Short-term follow-up
Postsurgical follow-up is vital and independent of metastatic and recurrency potential, as it evaluates the extent of resection. Alongside clinical evaluation, 2 MN, NMN, and 3-MT measurements should be carried out 2–6 weeks postoperatively and compared to baseline values established preoperatively. 3 Measurements in the normal range after surgery suggest resection and no imaging is needed for confirmation. 117 Values below the RI are to be expected when unilateral or bilateral adrenalectomy has been carried out alongside oncotomy. 63 In cases of elevated free metabolites postoperatively or silent tumors preoperatively, anatomical imaging should be considered after 3–6 months. If levels were established preoperatively, biochemically silent tumors can also benefit from pCGA comparison. 2
Long-term follow-up
Guidelines suggest a follow-up of at least 10 years, not 5 years, postoperatively.2,3,155 For intermediate or high-risk patients, counseling on life-long follow-up should be offered, especially in young subjects with germline mutations. 155 Recommendations are summarized in Table 4. As aforementioned, NETest has shown promising efficacy in the early detection of recurrence or metastasis and should be incorporated into follow-up when feasible 79 (see Additional Testing, Future Directions).
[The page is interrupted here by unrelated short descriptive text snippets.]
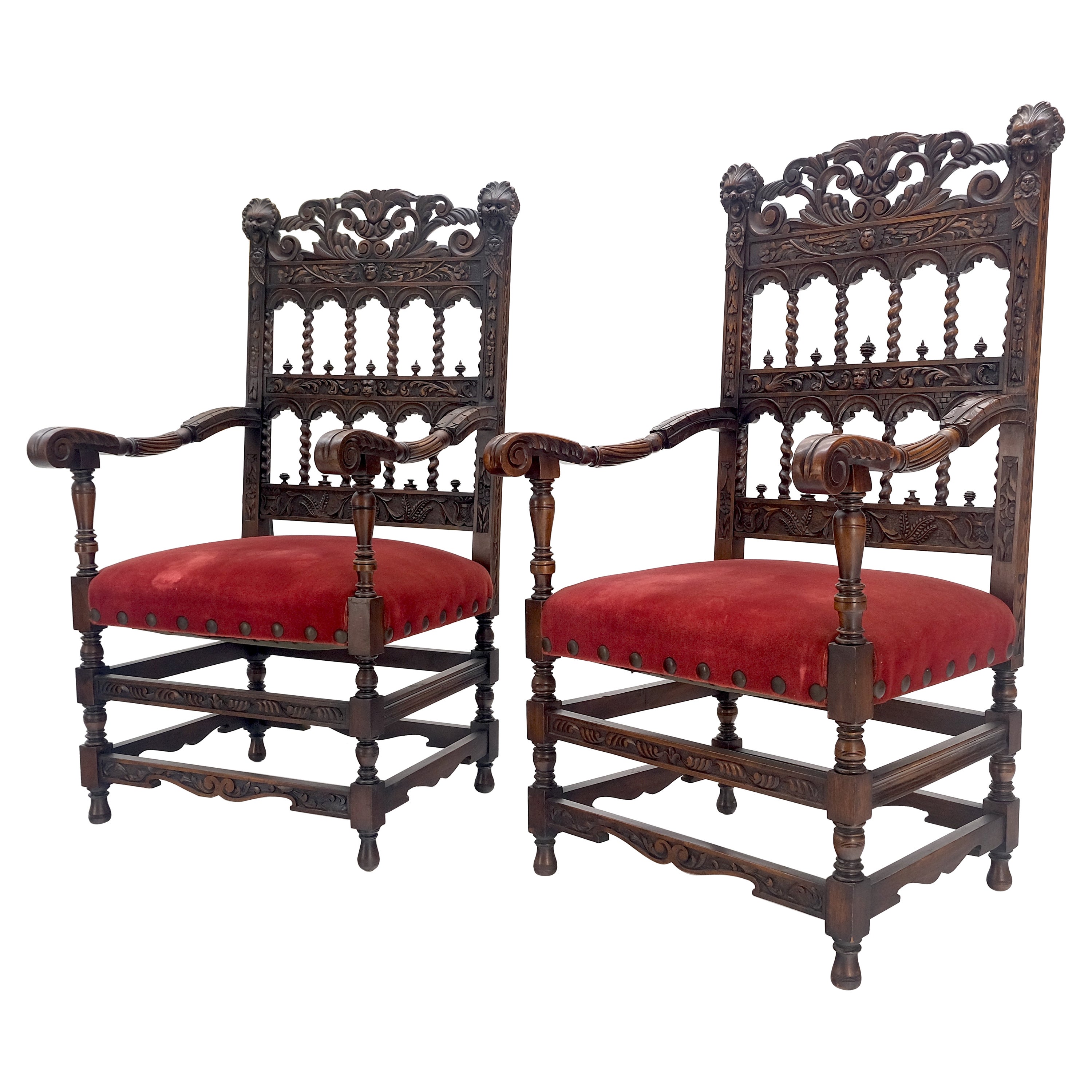 Fine Carved North Winds Faces Heavy Oak Arm Chairs Twisted Spindles c1900s MINT For Sale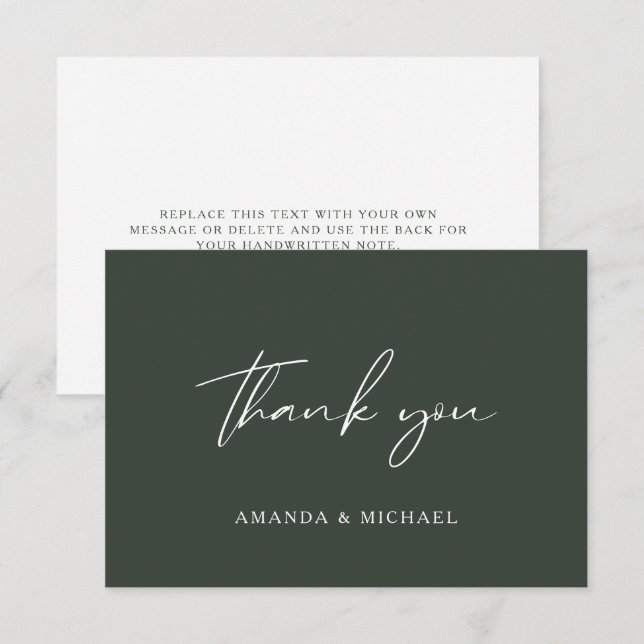 Elegant Script Hunter Green Wedding Thank You Card (Front/Back)
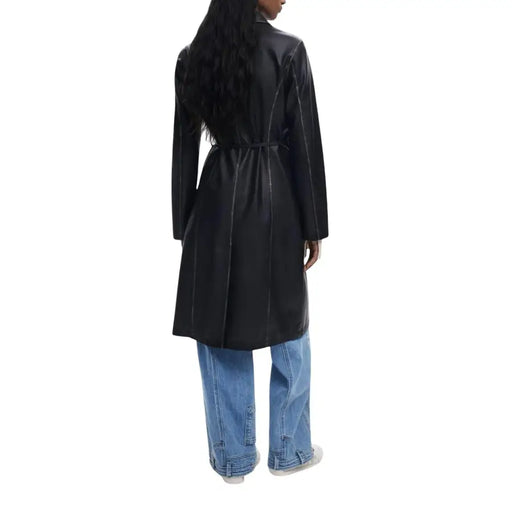 Black faux leather trench coat with tie waist and white stitching for Desigual Women Blazer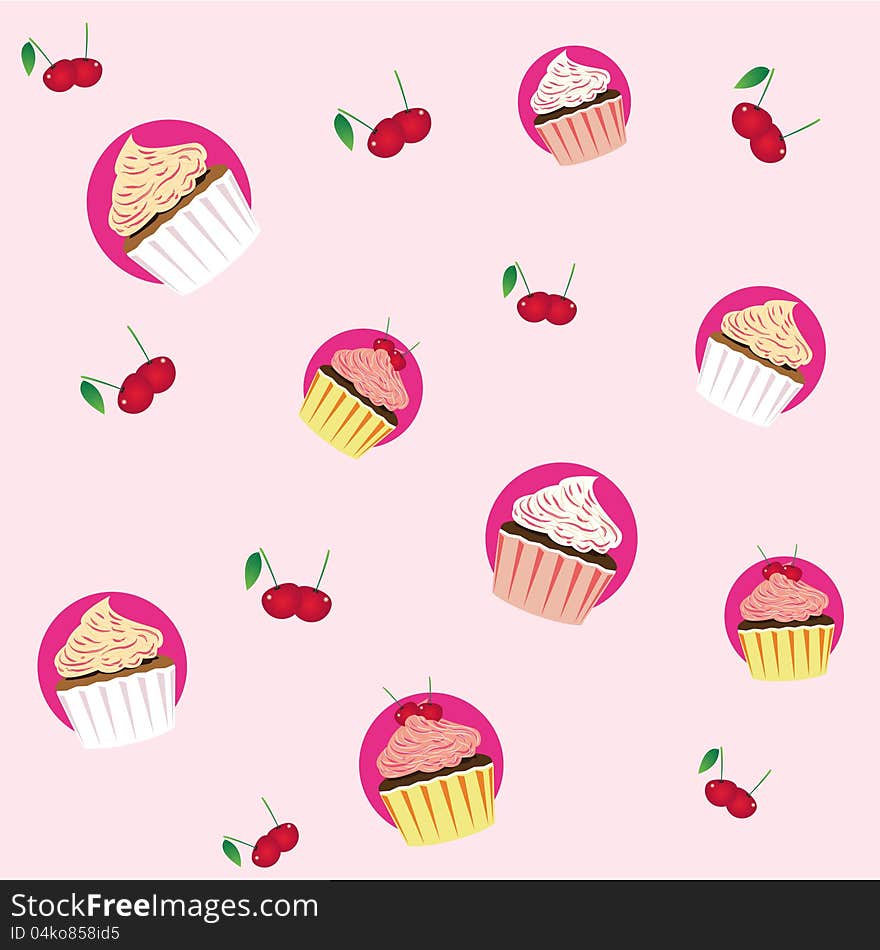 Seamless Cupcake Pattern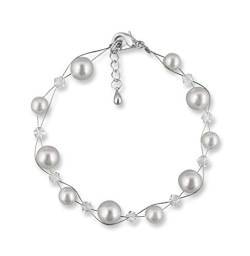 Rivelle Damen Perlen-Armband weiß 925 Silber 19 cm Perlen 6 und 8 mm von Rivelle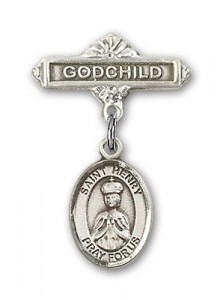 Pin Badge with St. Henry II Charm and Godchild Badge Pin [BLBP0586]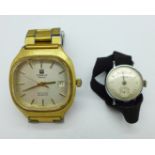 A Tissot Seastar quartz wristwatch and a lady's Cyma wristwatch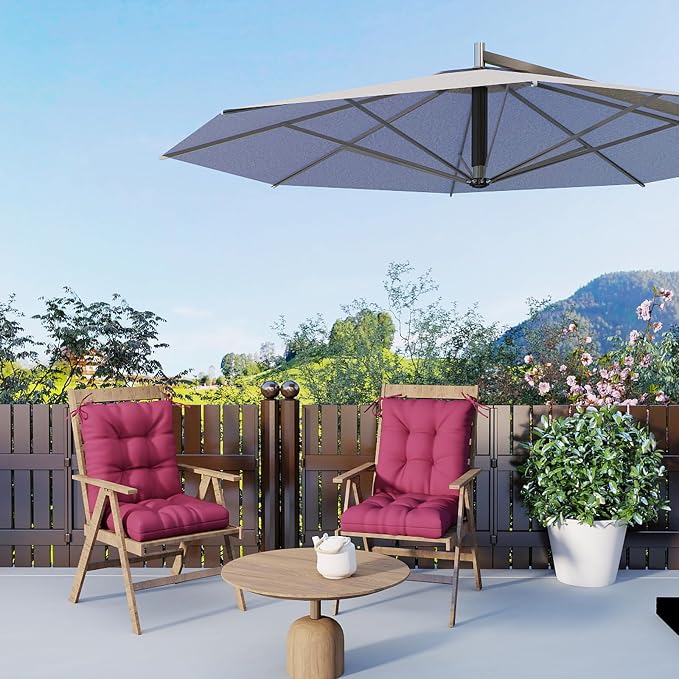 Outdoor Chair Cushions Set of 2, High Back Soft Seat Pad - Image 2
Long-term follow-up recommendations based on risk status.
NF1, MAX, TMEM127, and RET.
SDHAF2, SDHC, SDHD, and VHL mutations.
Cluster 1: skull-base to pelvis MRI, contrast-enhanced pulmonary CT Cluster 2: MRIAP. Functional imaging optional.
extensive size/necrosis, high Ki67, and invasion of vasculature and lymphatics: every 6–12 months.
Surveillance screening is indicated in patients with established germline mutations in one of the susceptibility genes, proven or suspected genetic syndromes that feature PPGL, and patients with previous PPGL history (Table 5). 2
Screening recommendations for asymptomatic patients adopted from4.
Skull base to pelvis.
No consensus in alternating between MRI/PET-CT.
Specific intervals ultimately determined by the genotype.
Families of patients diagnosed with germline mutation-induced PPGL can benefit from genetic screening. 2 The minimum age for genetic screening depends highly on the susceptibility gene targeted. Evidence is controversial and no board or multidisciplinary consensus has been reached for SDHx mutations, due to their unique genetic profile (Table 1). The currently suggested minimum age for genetic screening is 5 years in SDHB mutations and 10 years in other SDHx mutations.2,156 Family members undergoing screening for VHL mutations should start at a minimum age of 5 years. 157
Future directions
PPGL knowledge has progressed massively through the last few decades, challenging some misconceptions and improving clinical practice and outcomes. To the best of our knowledge, 48 clinical trials regarding PPGL are active and reported in ClinicalTrials.gov. Of these, six are active but not recruiting, three are not yet recruiting, and six have no status registered. The rest are recruiting patients, with one study recruiting by invitation. Only one study has published results, but they are preliminary.
Seven studies are currently underway and explore the effect of PET/CT in the clinical diagnosis of PPGL. NCT04605848 is centered around using infrared thermography predictors and outcomes of dysglycemia are currently assessed in patients with PPGL (NCT05451134). A clinical trial tries to identify succinate in vivo using 1H-Spectroscopy MRI (NCT04583384).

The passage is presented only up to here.